Tuesday, July 31, 2007

93,020 Words

Three rejections so far, out of seven submissions. One didn't have time to look at it at all and merely sent his apologies, another responded with a form letter, but the third has given me some advice, for which I am extremely grateful:

I realise you're trying to do something different with the genre, and I admire your ambition. But crime readers like their rules to be observed before they are broken - or publishers do - and in my opinion your narratiuve shifts dilute the tension rather than adding to it.

Of course publishing is a subjective business, and others may take a totally different view, so don't be discouraged.

This is very helpful to me because it tells me what impression I am giving people of the book, through the opening chapters and the synopsis that I have written for it. Two things leap out at me, that need to be rectified a.s.a.p.
1) The murder part of the story takes too long to really get going.
2) My synopsis gives the impression that the ending of the book is left wide open, with the case unsolved. It isn't. The true murderer is not convicted but he does get his comeupance and is therefore prevented from hurting anyone else. The person who does take the blame for Amelia's murder is by no means a sympathetic character and does share some of the blame, albeit indirectly. I need to make this clearer in the synopsis.

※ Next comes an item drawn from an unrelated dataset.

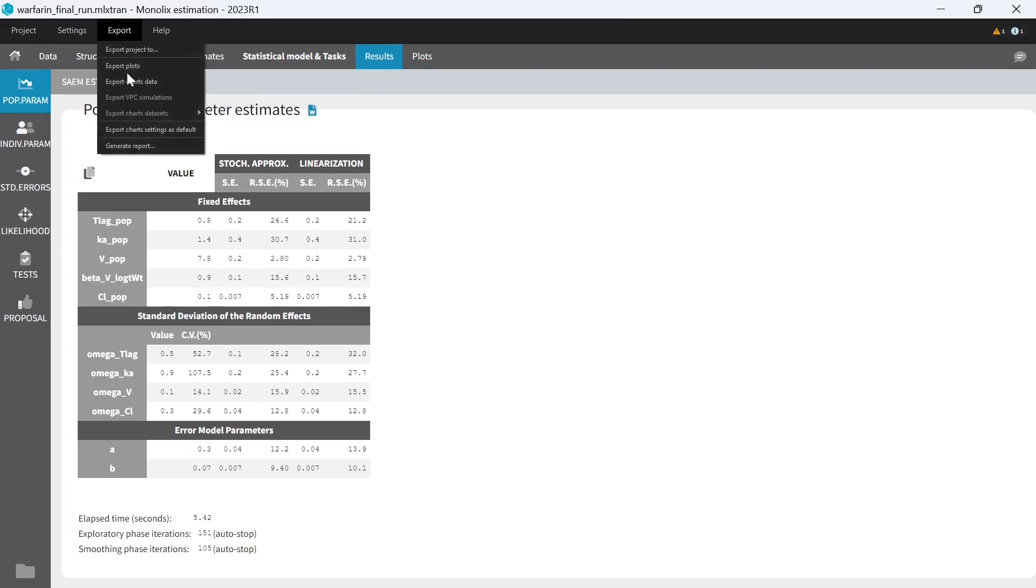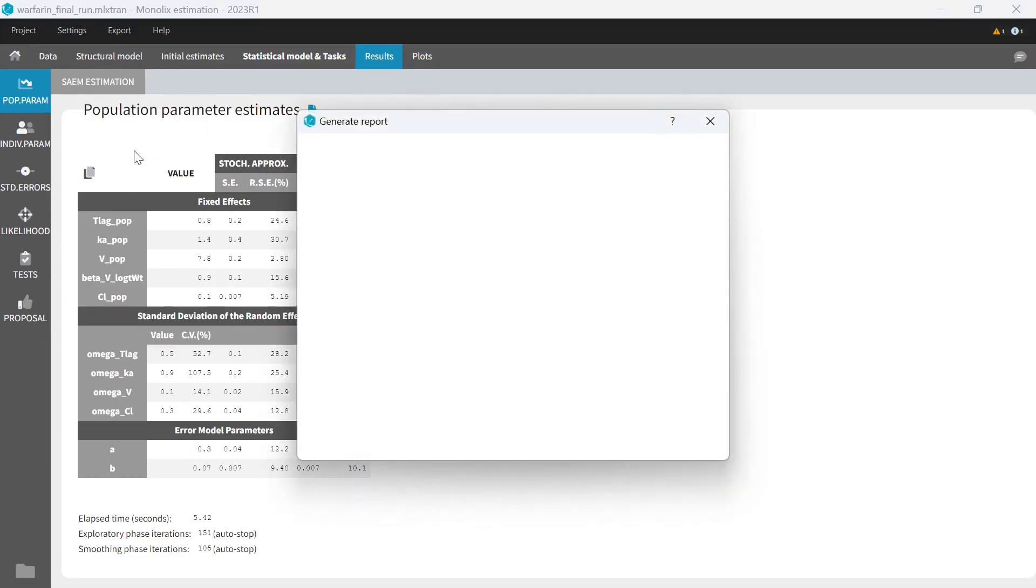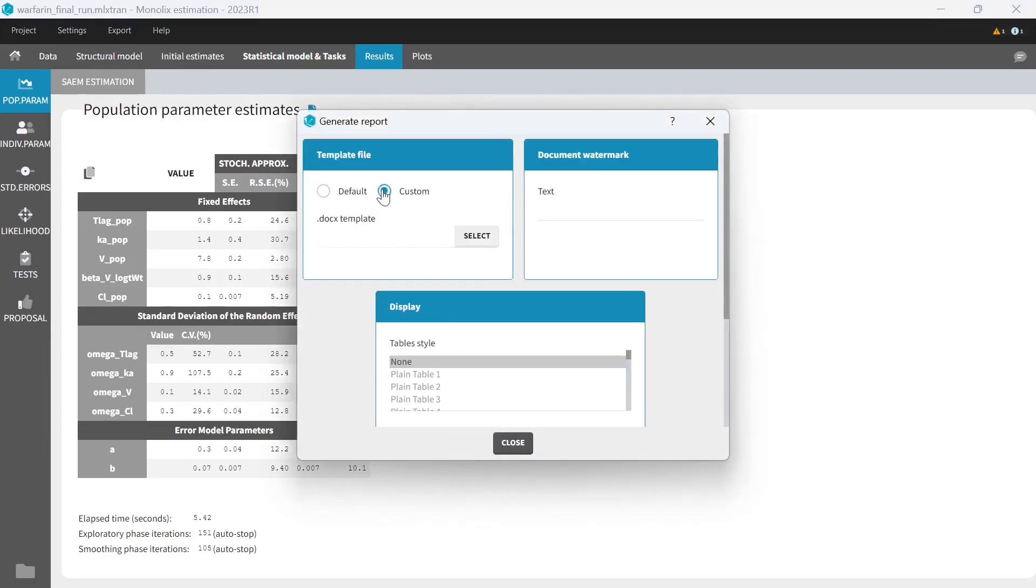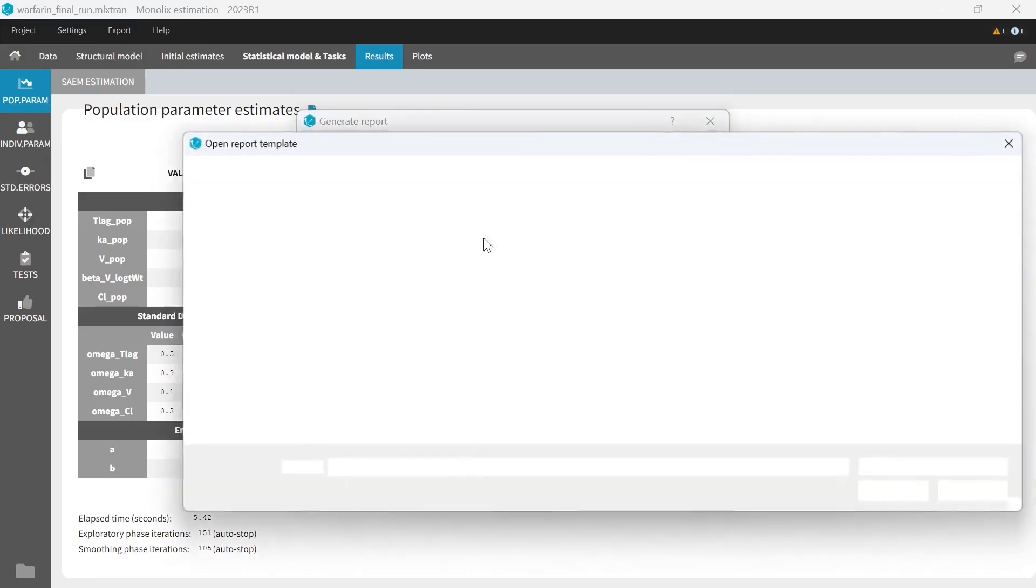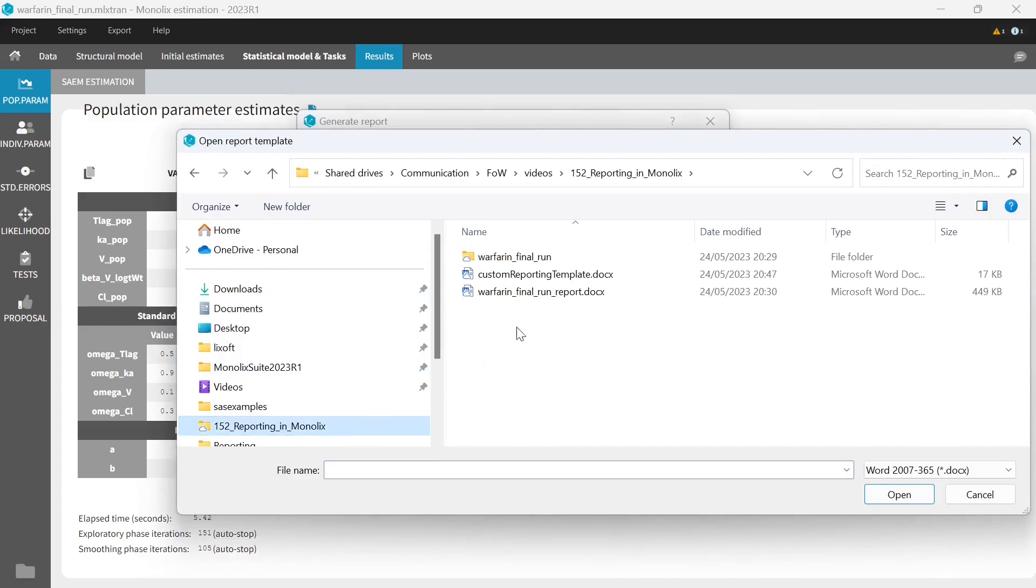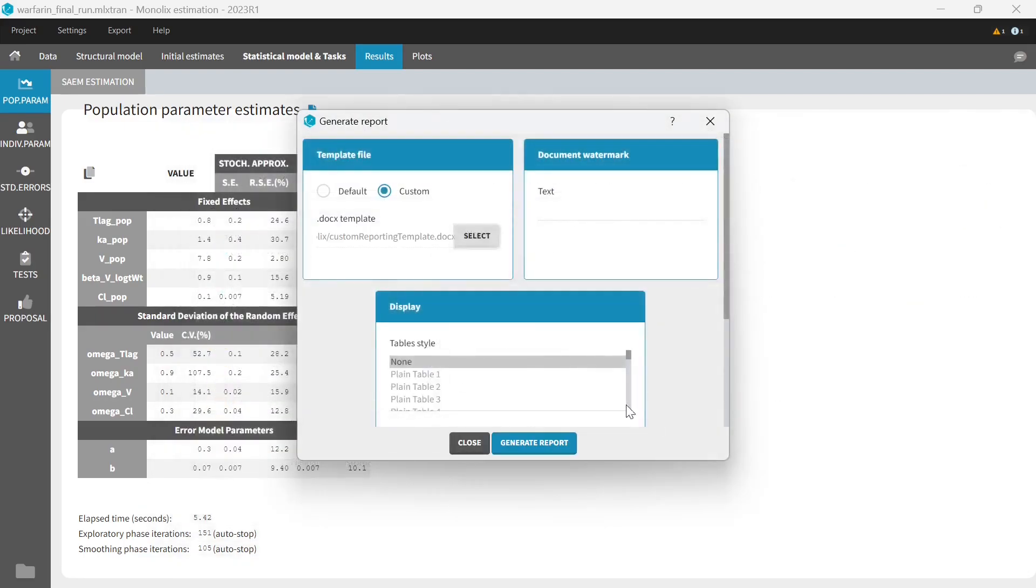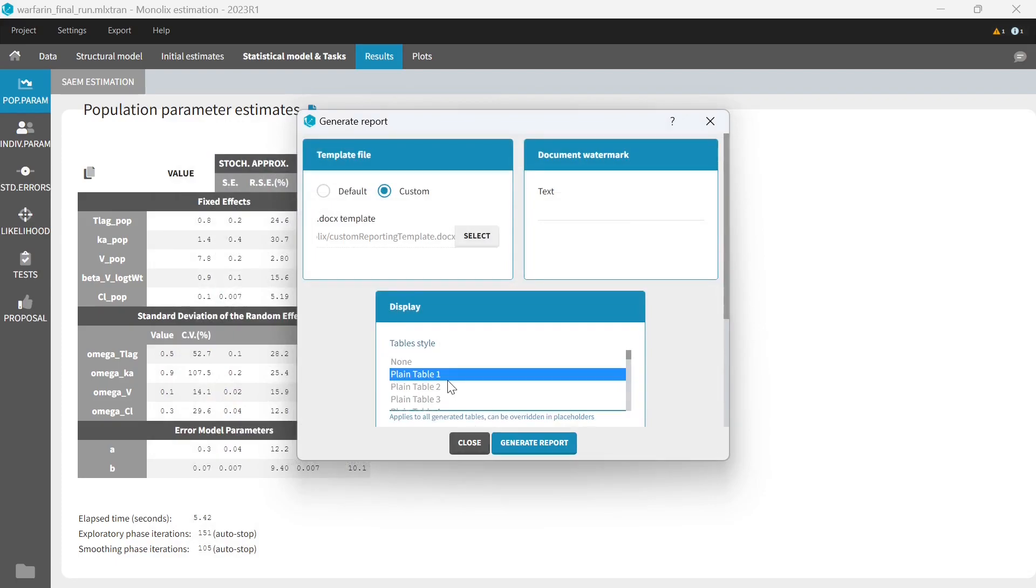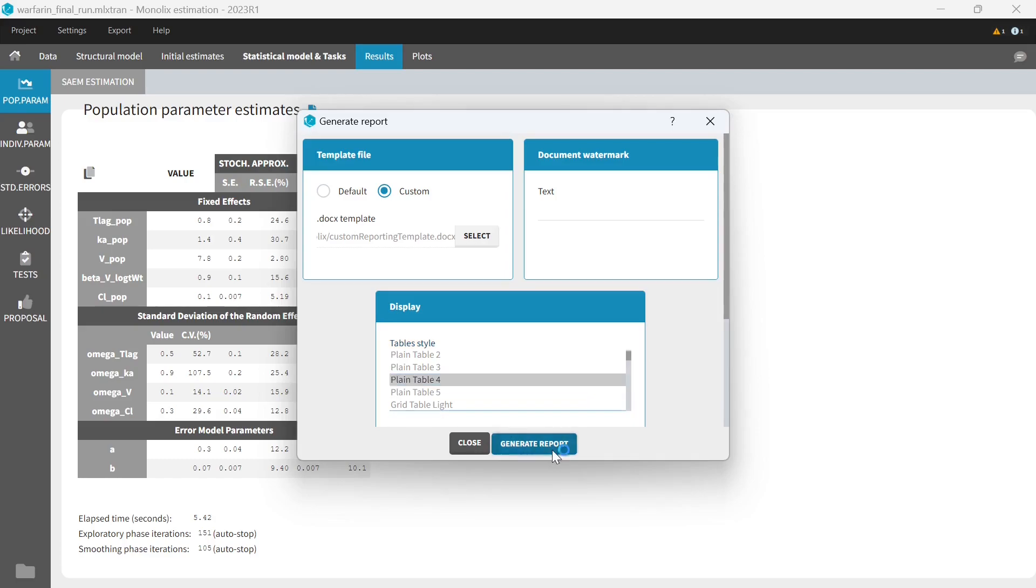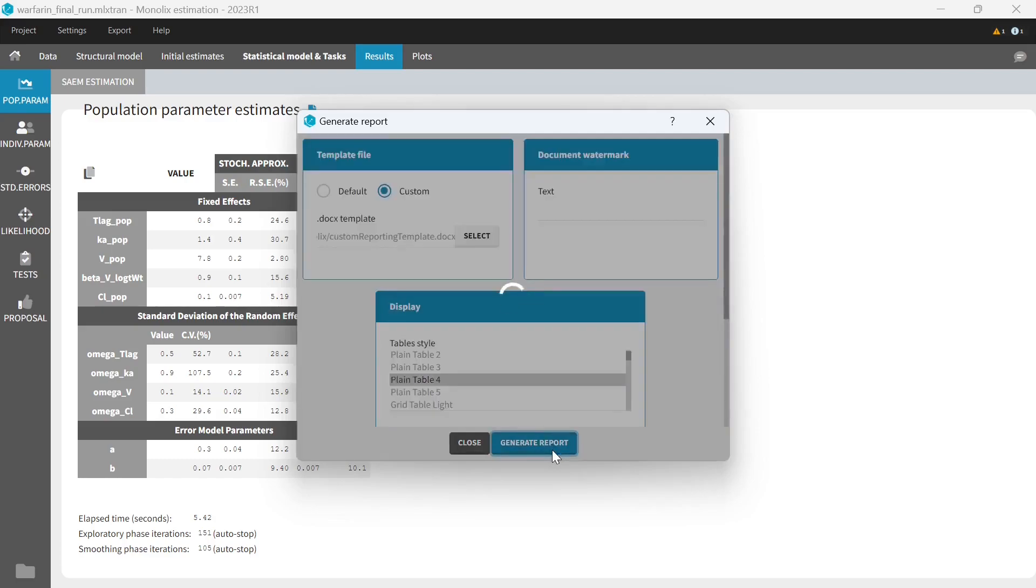So I'm going to generate a report again, and this time I select the custom option, and I select the template that I just created. I have this additional option to select some table style. The names that you can select here are the default styles in Microsoft Word, so I can choose, for example, plain table 4. It is also possible to use your own Word table styles inside the placeholders, if you always use the same style in your reports. I generate the custom reports now.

P.S. My mum's advice was also sound. She says I am too concerned with the back stories of minor characters (so I have cut some parts already) and that I have used the word 'bubbling' one two occasions, when describing people drinking, which is one too many. She has also advised me to cut/re-write the sections relating to a minor character who is writing her own book about what happened to Amelia, in contrast to Caroline's memoir, which is a major part of the story. She says this is an unnecessary distraction. However, excising this 2nd book would involve re-writing so much of my story that I am tempted to leave it in for the moment. I have made changes to the way it is presented, and spelled out (what I see as) its importance in clearer terms when it is first introduced into the narrative. I hope this will suffice.